Autrement dit, beaucoup d’intentions mais peu d’intégration réelle. Et dans un contexte interculturel, les bonnes intentions sans structure solide peuvent vite se retourner contre soi. Car lorsqu’on mélange les cultures, l’ambiguïté s’amplifie : un simple malentendu dans une équipe homogène peut se transformer en exclusion perçue dans une équipe diverse.
La personnalité, levier caché du leadership interculturel
La culture influence, bien sûr. Mais c’est la personnalité du leader qui détermine sa capacité à naviguer entre ces cultures. Autrement dit, ce sont ses forces et ses failles qui feront la différence.
1. Le “côté lumineux” : le socle du leadership
Les dirigeants ouverts, stables émotionnellement et bienveillants savent écouter, s’adapter et donner de la place à d’autres points de vue. Ces qualités sont précieuses mais elles ne suffisent pas toujours quand la complexité culturelle s’invite à la table.
2. Le “côté obscur” : les angles morts à apprivoiser
Chaque leader a ses saboteurs : arrogance, besoin de contrôle, méfiance, ou tendance au retrait. Dans un cadre familier, ces traits peuvent passer pour de simples habitudes. Mais dans une équipe multiculturelle, ils peuvent devenir des obstacles. Un perfectionniste issu d’une culture très hiérarchisée peut freiner la créativité d’une équipe plus libre et un dirigeant qui se replie sous la pression peut cesser de communiquer, laissant ses collaborateurs dans le flou.
Plus les signaux culturels sont ambigus, plus ces zones d’ombre s’expriment.
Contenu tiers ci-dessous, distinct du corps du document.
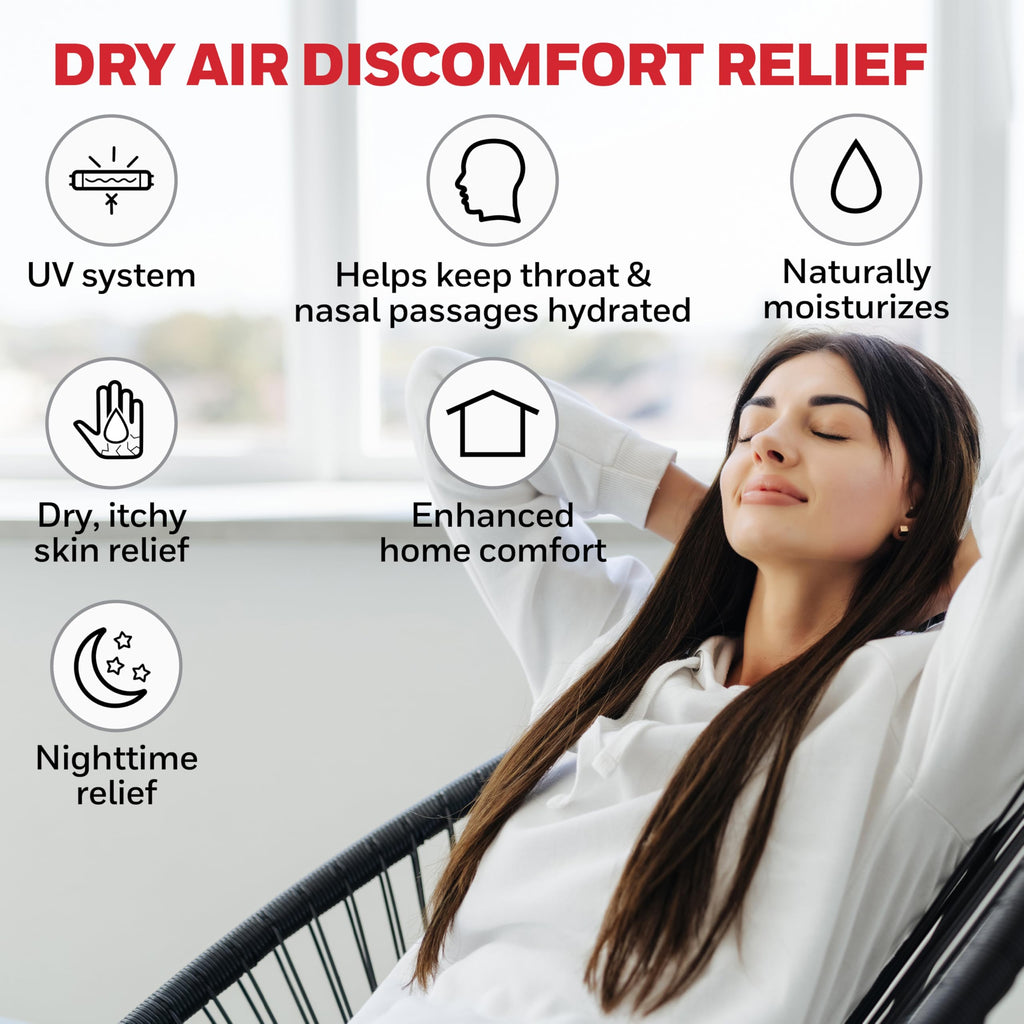 Buy now Honeywell Cool Moisture Humidifier For Bedroom, Medium Rooms, 1.1 Gallon, Invisible Moisture Humidifier for Baby, Kids, Quiet, Easy to Clean, UV Technology, Black, HCM350B at indiglob india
Souvent sans même que le leader s’en rende compte.
3. L’art de la flexibilité : une compétence-clé du leader moderne
L’enjeu n’est pas d’effacer sa personnalité mais de développer une capacité d’adaptation consciente : savoir reconnaître quand son « mode par défaut » devient inadapté et apprendre à ajuster. Cette capacité d’adaptation s’apprend, comme un muscle qu’on entraîne.
Voici trois leviers concrets pour y parvenir :
1. Croiser les regards : combiner une lecture culturelle (comment je perçois les autres) et une lecture personnelle (comment je me comporte face à la différence).
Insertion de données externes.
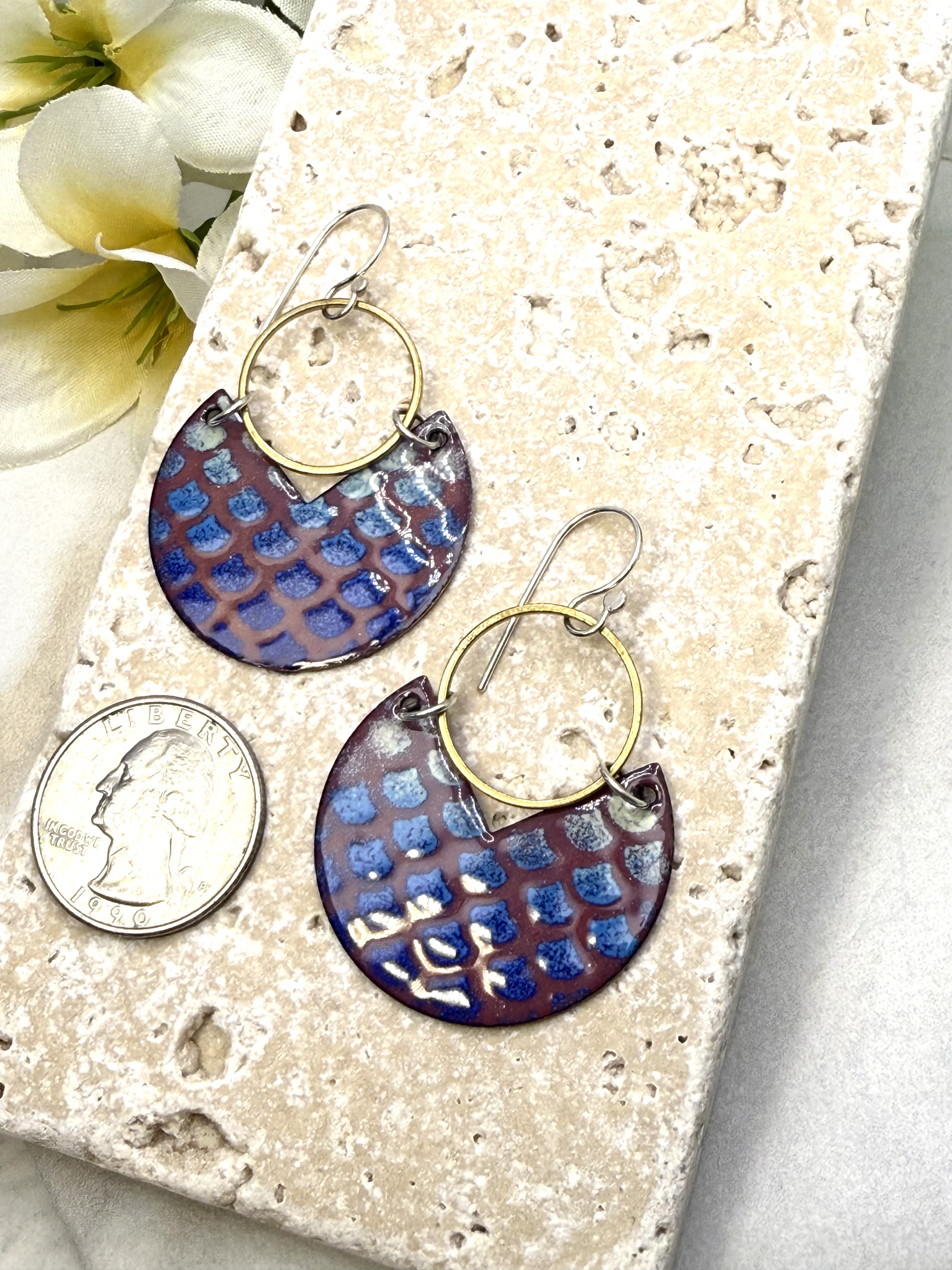 Blue Mermaid Scale Earrings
2. Clarifier les codes : rendre explicites les règles implicites. Par exemple : « Si je parais trop direct, dis-le-moi » ou « reformulons quand le silence s’installe ».
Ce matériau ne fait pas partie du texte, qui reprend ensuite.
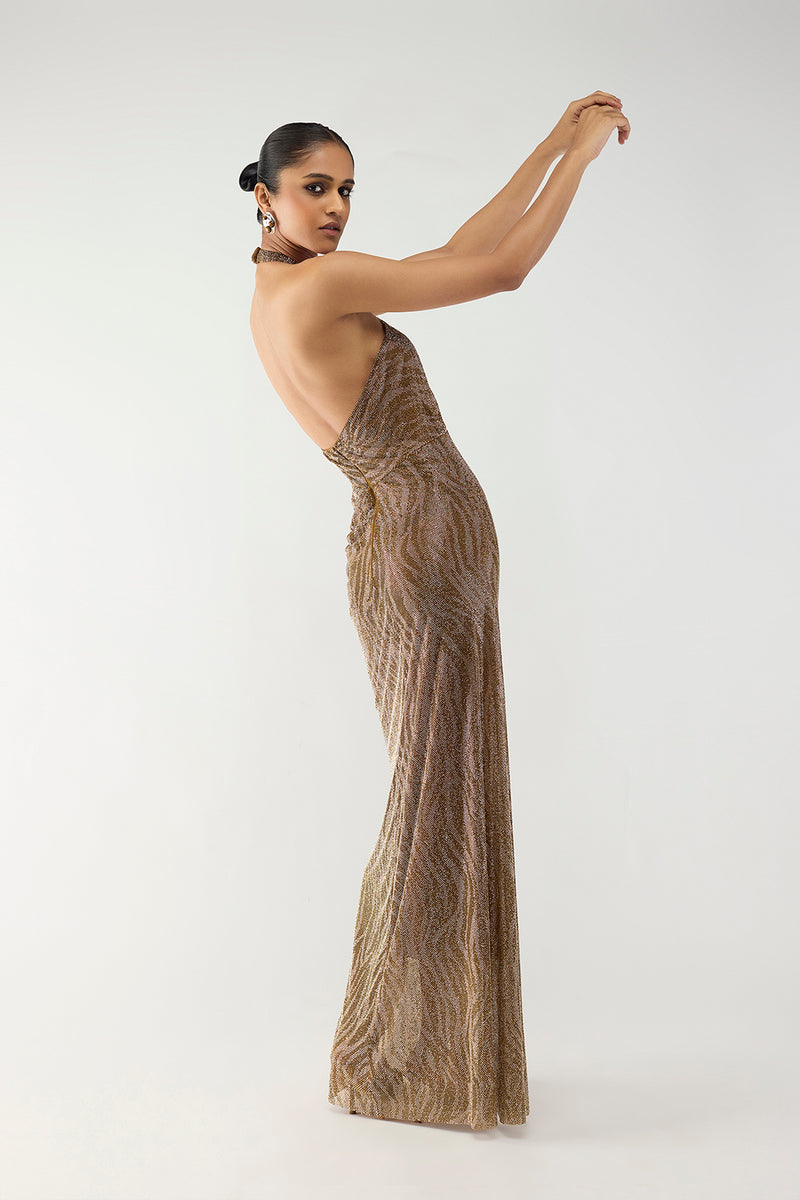 Gold Sequin Halter Gown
3. Pratiquer les micro-ajustements : apprendre, par le coaching ou la mise en situation, à moduler son ton, vérifier ses hypothèses, oser demander du feedback.
C’est dans ces petits gestes que se construit un leadership interculturel solide.
Ce n’est pas la “meilleure personnalité” qui gagne, mais celle qui s’adapte le mieux. Pour les dirigeants français, cela signifie lier inclusion et performance plutôt que communication, explorer ses zones d’ombre via des échanges entre pairs ou un accompagnement personnalisé et faire de l’inclusion un sujet de gouvernance, pas uniquement RH.
Les formations “clé en main” ne suffisent plus. Les leaders qui feront la différence demain seront ceux qui auront compris que diriger à travers les cultures, c’est d’abord se connaître soi-même.